Cast: Tetsuya Watari, Chieko Matsubara, Tamio Kawaji, Hideaki Nitani, Eiji Gô

Available streaming on Hulu Plus, for rent or purchase on Amazon Instant and iTunes, on disc from Netflix

Time Out famously referred to Seijun Suzuki’s fantasia of crime and color as “inspired lunacy,” and I’m hard-pressed to find a more fitting description. After cranking out yakuza films for about a decade, Suzuki grew tired of the B-movie fare continually handed to him by his studio, and it started to show. The director could not be less interested in the genre conventions of “Tokyo Drifter:” action sequences cut off halfway through, the villain’s scheme is barely comprehensible, and our hero seems more concerned with matching his outfit to the wallpaper than with gunplay. It’s a phenomenally bonkers, gorgeously shot art-pop deconstruction of gangster flicks, just as likely to end with a musical number as with a murder.

Ethan

The Friends of Eddie Coyle” (1973)

Cast: Robert Mitchum, Peter Boyle, Richard Jordan, Steven Keats, Alex Rocco, Joe Santos, Mitchell Ryan

Available streaming on Hulu Plus, for rent or purchase on Amazon Instant and iTunes, on disc from Netflix

A gritty, grimy antidote to the glamorized crime films of Hollywood’s Golden Age, “The Friends of Eddie Coyle” is a clear forerunner (along with its contemporary “The Godfather,” of course) to the fatalism of Scorsese and “The Sopranos.” Lead Robert Mitchum serves as a link to the genre’s noir history, playing schlubby, overmatched Eddie Coyle, a small-time gun runner trying to avoid jail time and get on the straight and narrow.

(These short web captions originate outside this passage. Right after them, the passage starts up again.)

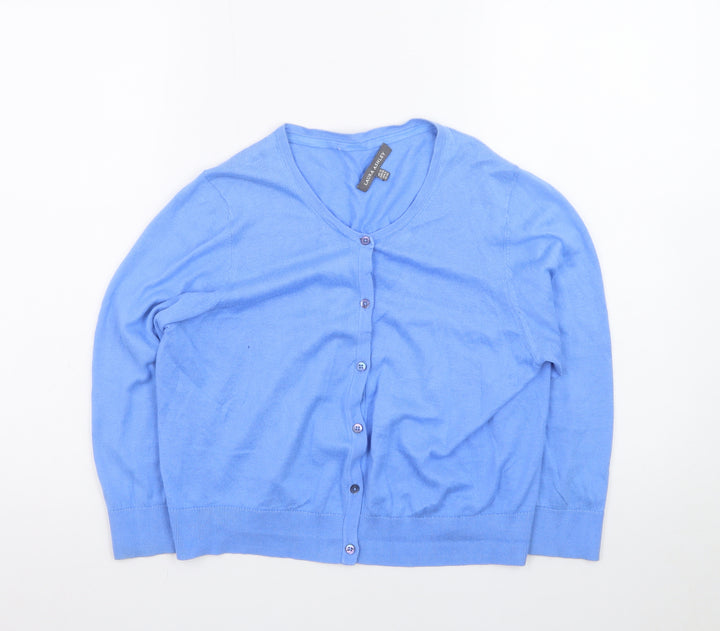 Laura Ashley Women's Blue V-Neck Cotton Cardigan Size 12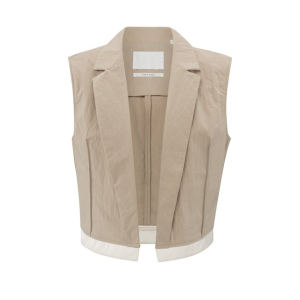 YAYA Cotton woven sleeveless gilet jacket with contrast hem, twill beige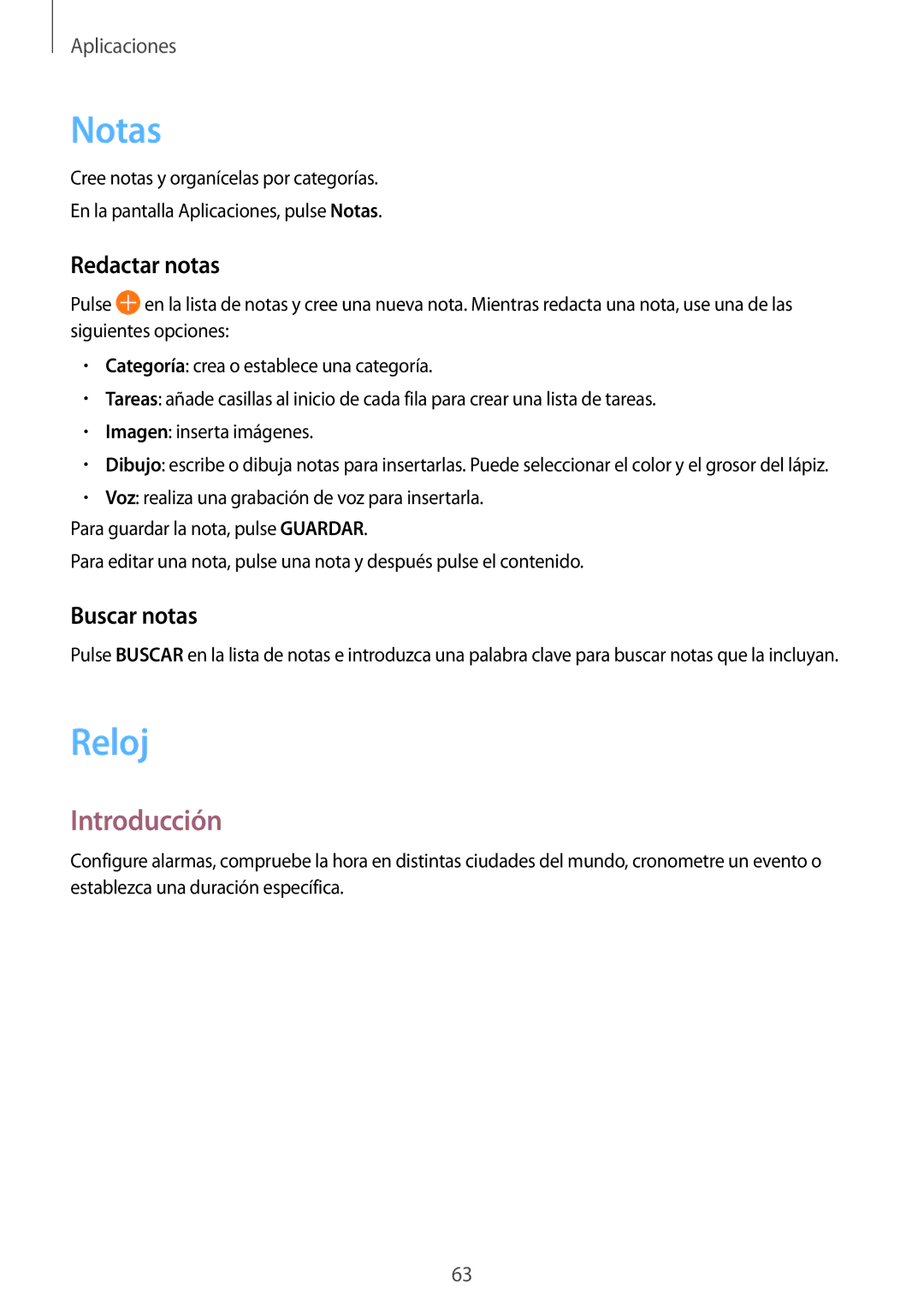 Samsung SM-T713NZKEPHE, SM-T713NZWEPHE, SM-T813NZKEPHE, SM-T813NZWEPHE manual Notas, Reloj, Redactar notas, Buscar notas 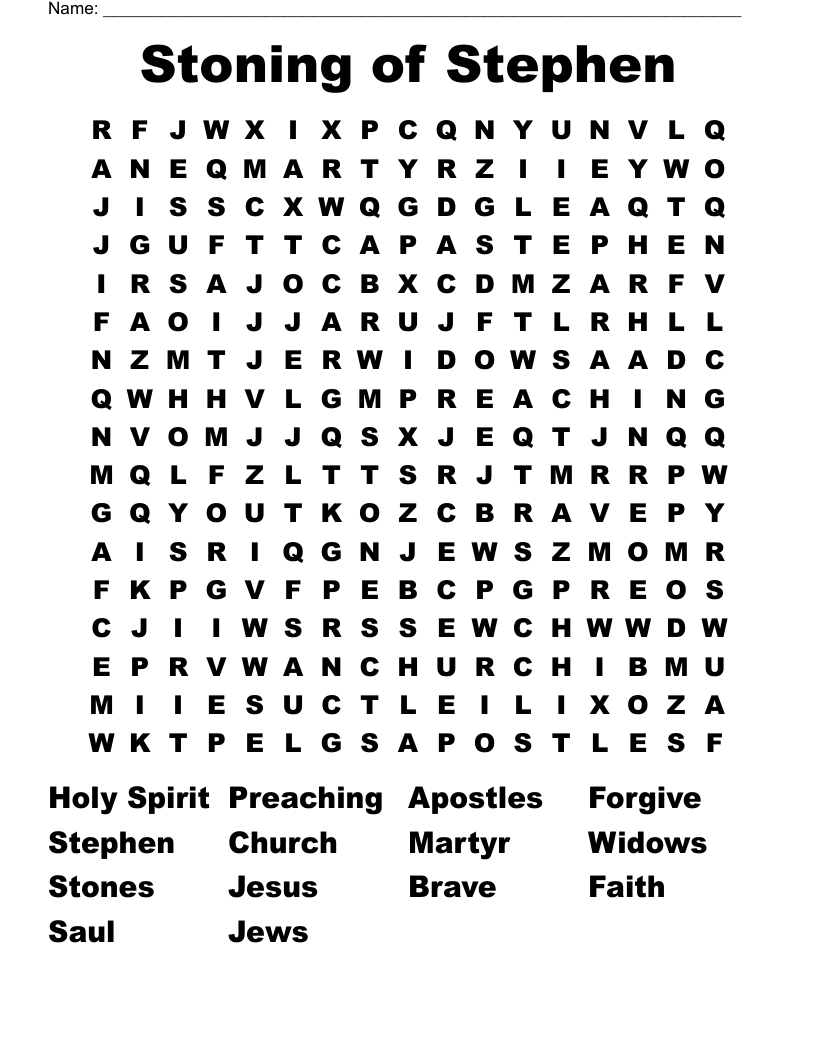 Stoning of Stephen Word Search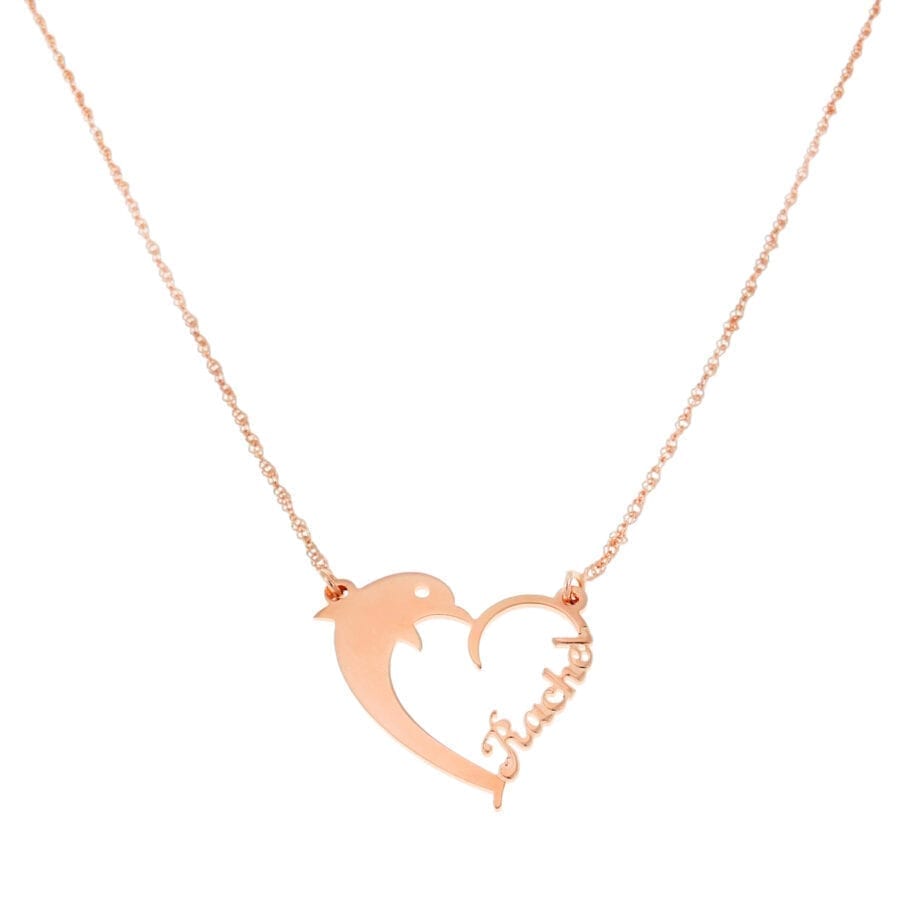 שרשרת דולפין בעיטור לב לחריטה – שם או תאריך שתבחרו שרשרת דולפין בעיטור לב לחריטה – שם או תאריך שתבחרו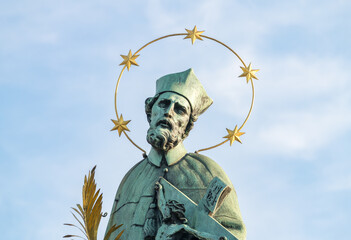 The holy Nepomuk sculpture at Prague Charles Bridge, Czech Republic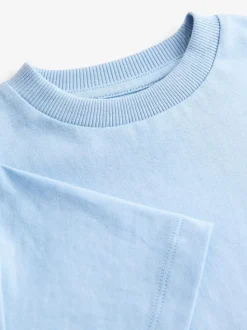 Bleu - T-shirt uni Manches courtes (3mths-7yrs)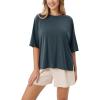 imageODODOS Womens Side Split Tee Modal Soft Raglan Short Sleeve Relaxed Fit Casual Lounge TShirts Yoga TopsDeep Teal
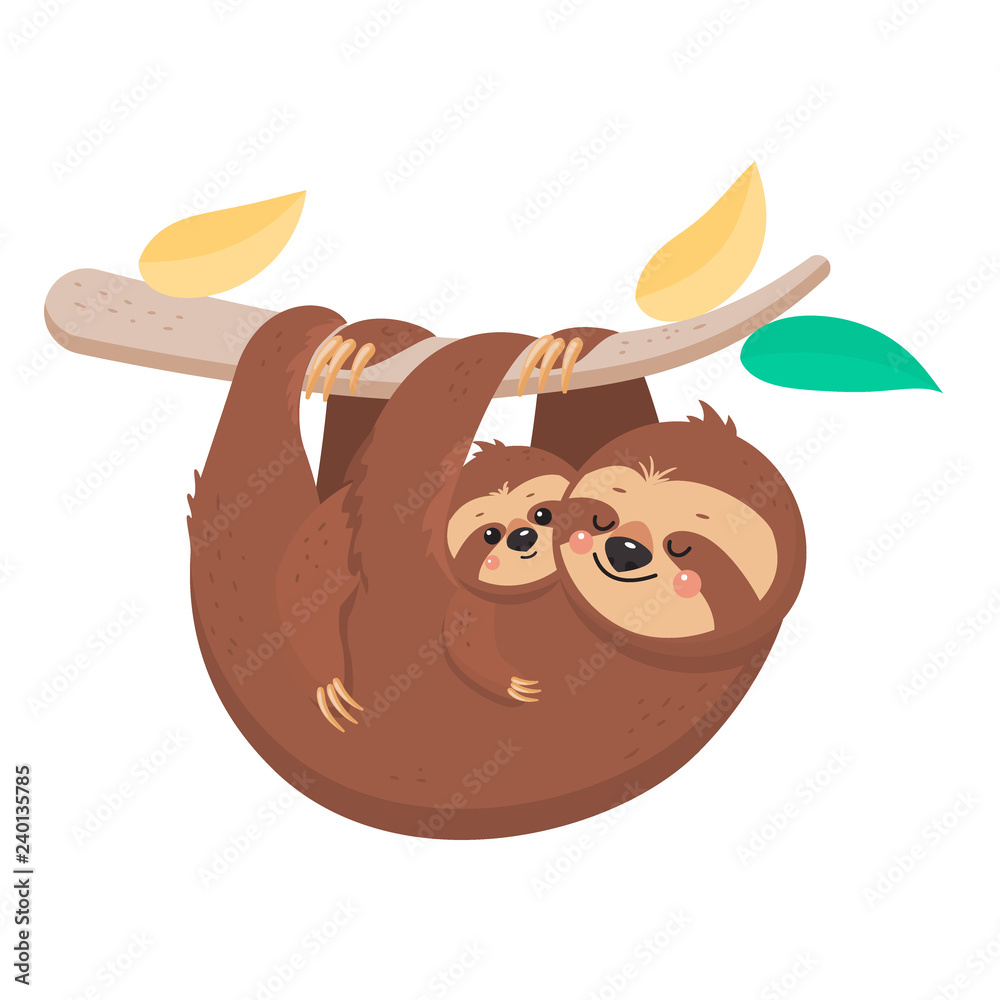 Obraz premium Joyful sloth hanging on a branch. Vector illustration. Cartoon slyle.Isolated on white background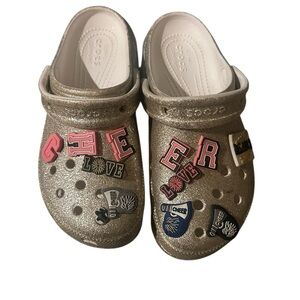 Crocs Kids Glitter Clogs - Gold and Pink size 6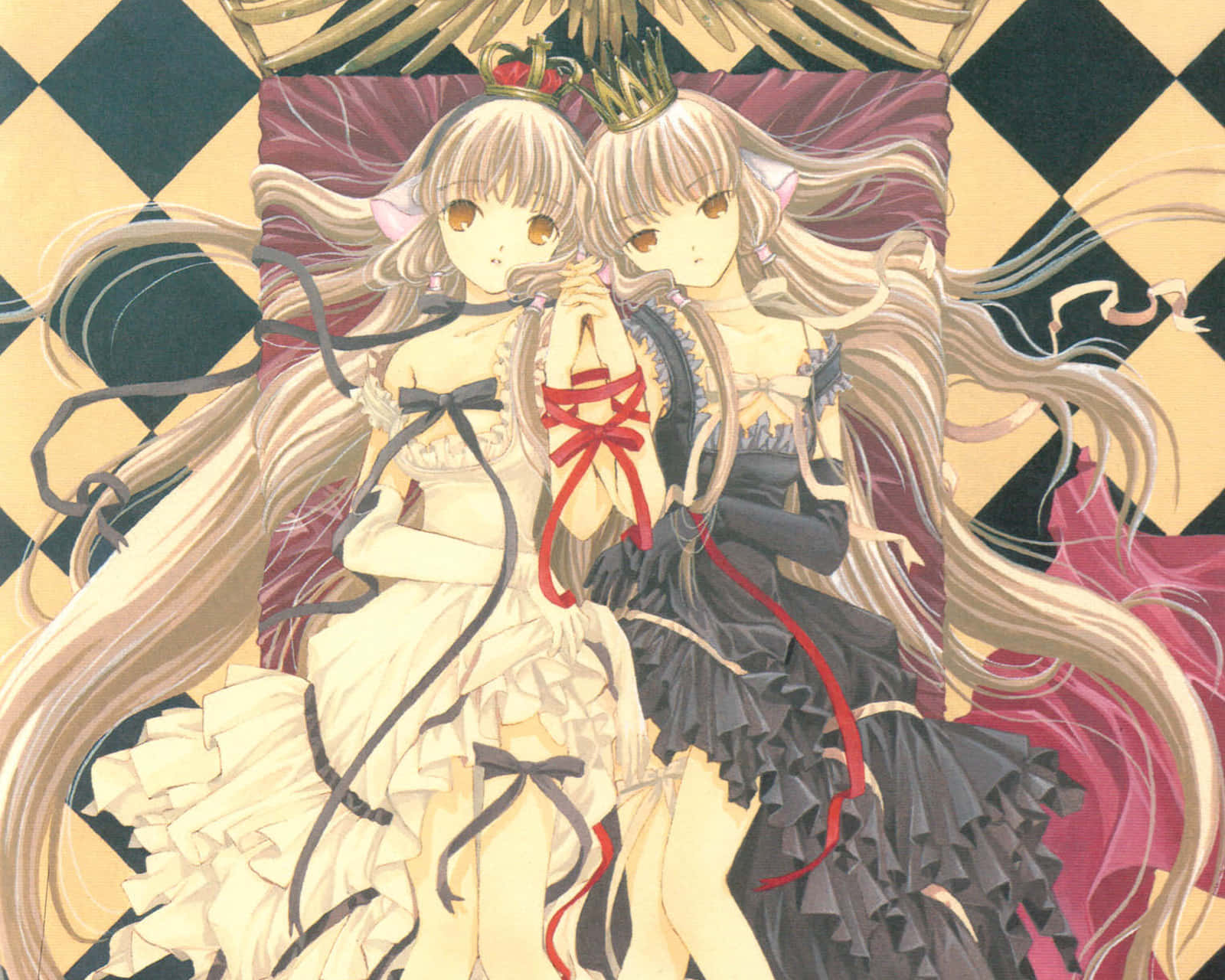 Freya Dan Chii Dari Chobits Dalam Keanggunan Kerajaan Wallpaper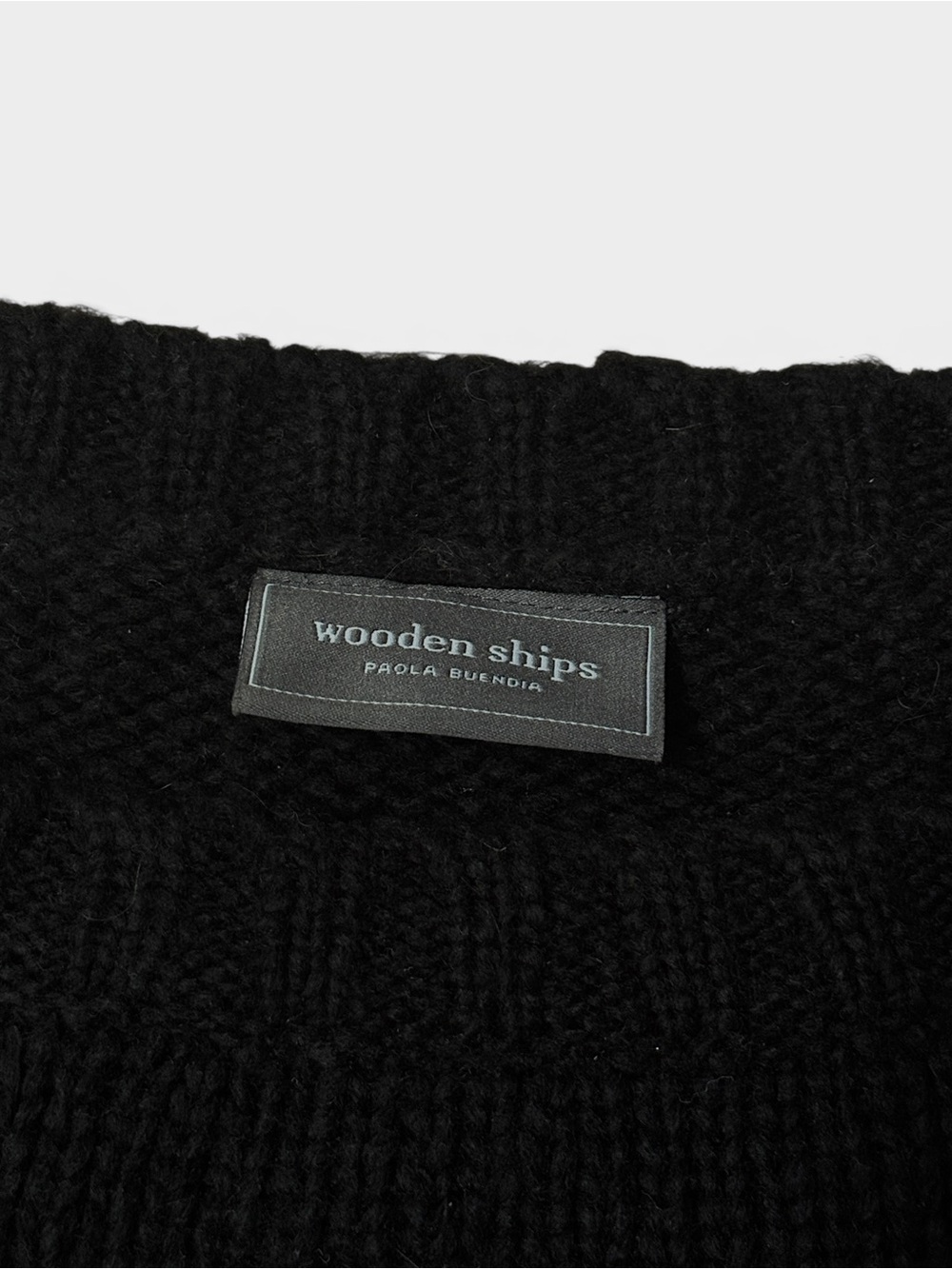 Wooden Ships Mohair Blend Camo Skull Crew Chunky Knit Sweater S/M - Picture 3 of 5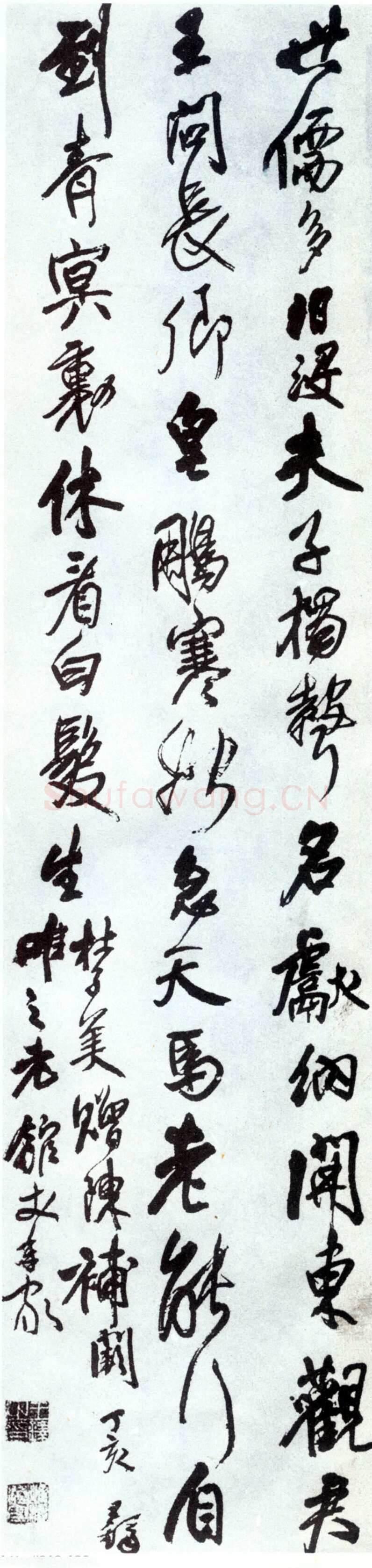 王铎《杜子美赠陈补阀诗》清顺治四年(丁亥1647年)，绫本，行书，纵203cm，横5lcm 开封市博物馆藏。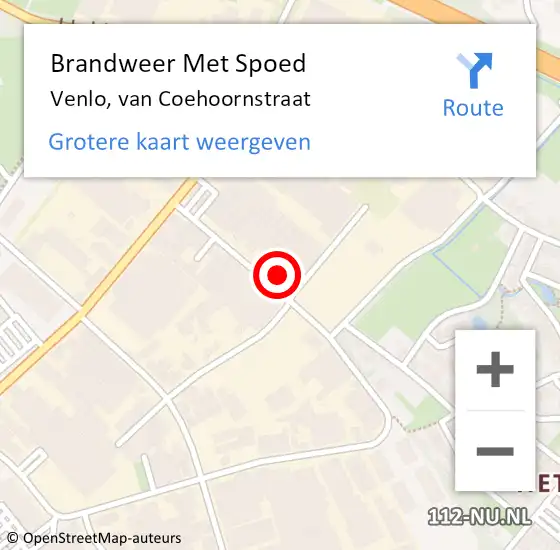 Locatie op kaart van de 112 melding: Brandweer Met Spoed Naar Venlo, van Coehoornstraat op 27 september 2024 13:14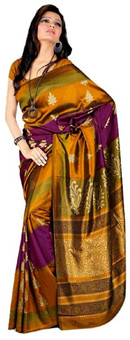Miraan Printed Fashion Art Silk Sari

As you might imagine, the title is something of a red herring: Coyle has no real friends, and Peter Yates’ film (adapted from a George V. Higgins novel) holds no illusions of redemption or even dignity where crime is concerned.

Ethan

Gomorrah” (2008)

Cast: Salvatore Abruzzese, Simone Sacchetino, Salvatore Ruocco, Vincenzo Fabricino, Vincenzo Altamura, Italo Renda, Francesco Pirozzi, Antonio Aiello, Vincenzo Caso

Available streaming on Hulu Plus, for rent or purchase on Amazon Instant and iTunes, on disc from Netflix

A broad, tangled portrait of corruption and violence in modern Naples, so on-the-nose that the author of the film’s source novel (Roberto Saviano) was forced into hiding to avoid retribution from the Camorra, the city’s leading crime family. Telling five parallel stories of individuals, each in their own way swallowed by the mob’s financial (and often physical) stranglehold on the populace, Matteo Garrone’s masterwork is both ferocious and despairing. The Camorra is all-encompassing, more an invisible, malevolent force than a tangible group, and no one, from dressmakers to bureaucrats to wayward adolescents, can escape its influence. It’s rare for a film this large in scope to feel so claustrophobic.